Les architectes Bernard Deffet et Arlette Baumans, associés depuis 1999, sont les rares à avoir été impliqués de bout en bout dans ce processus. Ils ont travaillé tour à tour pour le sanguin promoteur flamand d'origine italienne qui acquit l'usine désaffectée pour une bouchée de pain en 2001 mais qui décéda brutalement en décembre 2009, puis pour la commune socialiste de Dison qui, prise par les impératifs d'un cofinancement européen FEDER, racheta une partie, sur le tard, pour développer un programme à la fois culturel, médiatique et commercial, et enfin pour la société foncière qui a repris, en 2012, la galerie commerciale, déjà en activité mais pas complètement achevée. Leur projet – si on peut le nommer ainsi tant leur mission de maîtrise d'œuvre fut souvent partielle, et tant chacune des étapes ne leur a jamais donné la garantie de la suivante – est riche d'enseignements plus généraux sur les moyens d'agir de l'architecte, qui est paradoxalement l'acteur à la fois le plus vulnérable face aux mécanismes contemporains de production de l'environnement bâti mais aussi le mieux placé pour avoir prise sur eux.
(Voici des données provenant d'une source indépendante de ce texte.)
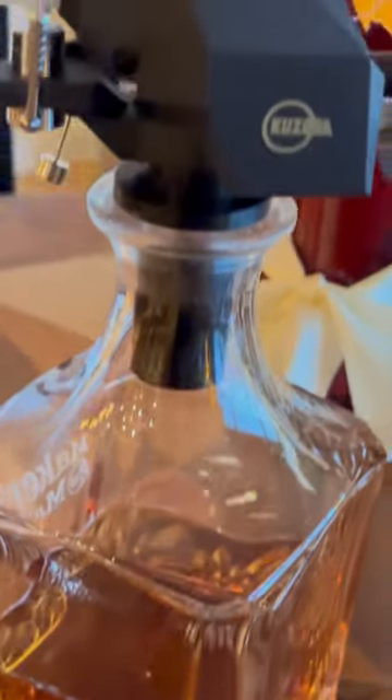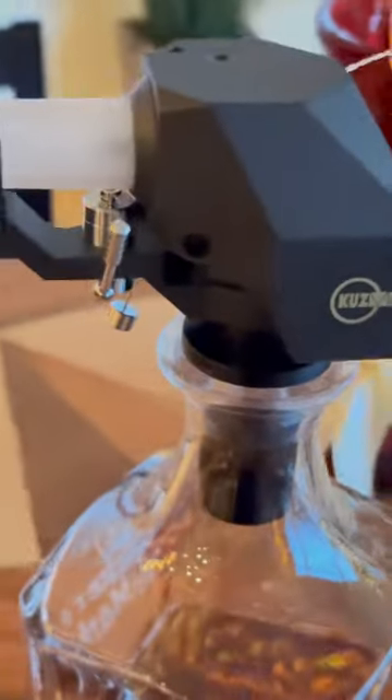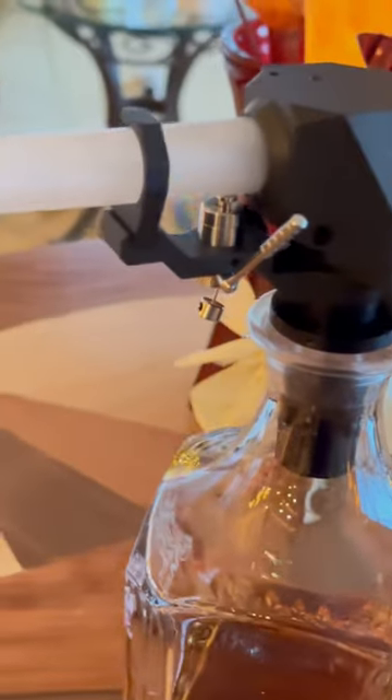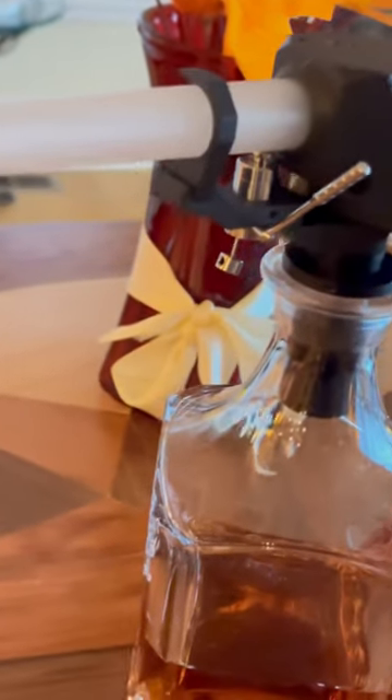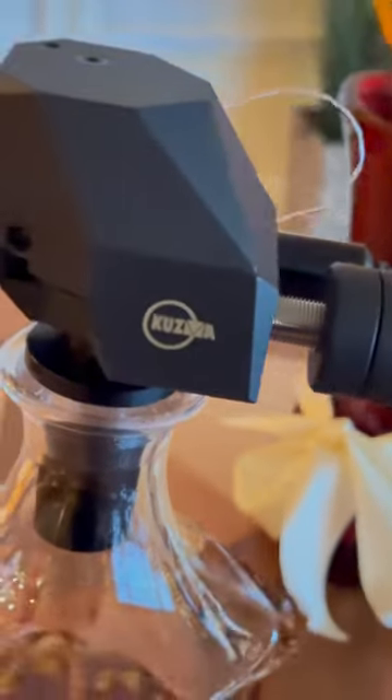Now here's something you don't see every day. Here's the Kuzma Saphir 9-inch tonearm resting in a whiskey decanter while some turntable work is being conducted. Its job is to allow the cartridge to perform to its maximum ability, thanks in part to its design that incorporates a conical tube made from lab-grown sapphire, housed in an all-billet aluminum enclosure that also uses brass to control vibration dissipation.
L'histoire aurait pu tenir en une phrase: un promoteur de centre commerciaux achète une friche, la rase et y construit quatre hangars décorés et franchisés. Mais la réalité a déréglé ce scénario pourtant rebattu de l'urbanisme commercial, levier puissant de normalisation du paysage et d'ennui existentiel. D'abord le coût de démolition d'une partie des structures, en béton armé, grève la rentabilité de l'opération. Ensuite le rejet d'un premier permis d'urbanisme convainc le promoteur de faire appel à des architectes locaux. Installés alors en face de la Maison communale de Dison, Baumans & Deffet sont choisis. À la fois réaliste et ambitieux, leur projet, scellé par un plan communal d'aménagement dérogatoire (PCAD) validé en mars 2005, combine les contingences économiques tendues du promoteur et les exigences souvent oubliées de l'intérêt général. Tenant cette ligne de crête, ses grands principes ont survécu sur la longue durée aux avatars de l'opération : rassembler les enseignes commerciales en une seule aile longitudinale qui tient le fond d'un parking arboré et qui lie le centre-ville à l'ancienne usine ; conserver et viabiliser les vastes locaux de celle-ci pour les rendre disponibles à toute leur potentialité programmatique ; exploiter le caractère iconique de ces structures industrielles à l'échelle du grand paysage (notamment l'étonnant portique en béton qui portait jadis les citernes de lait) ; implanter des logements côté ville (qui restent encore à financer).

Si ce projet est exemplaire, ce n'est pas tant par ses formes plastiques (une volumétrie relativement conventionnelle) ni par son esthétique (d'une grande neutralité). Mais c'est parce qu'il illustre un des champs de réflexion architecturale à la fois les plus puissants et les moins spectaculaires : la topologie, c'est-à-dire la science des relations spatiales, des rythmes et des enchaînements, des contiguïtés et des ruptures, de l'orientation et de l'ordre des choses, en deçà de toute mise en forme. C'est ainsi qu'avec très peu de moyens, Baumans & Deffet ont pu articuler finement les échelles (architecture/ville/géographie), penser l'aménagement de deux grands magasins au rez-de-chaussée d'un bâtiment encore en friche tout en anticipant une occupation hypothétique des étages, tisser ensemble des programmes indépendants (studios télé, bureaux, centre de conférence, salle de spectacle, hall d'expo, etc.), ouvrir des brèches fécondes entre forme et fonction. Au sein des logiques hétérogènes qui complexifient et fragilisent le champ du bâtir, l'architecte contemporain ne doit donc pas forcément faire moins d'architecture. Le cas d'Interlac démontre qu'il peut au contraire puiser dans les outils de sa discipline pour conjurer la condition d'incertitude et de pénurie de ressources dans laquelle nous sommes durablement plongés et pour interférer sur certaines fatalités du marché de la construction.
 
Ecrit par Pierre Chabard dans le cadre de la publication entrer: qui complète l'exposition éponyme.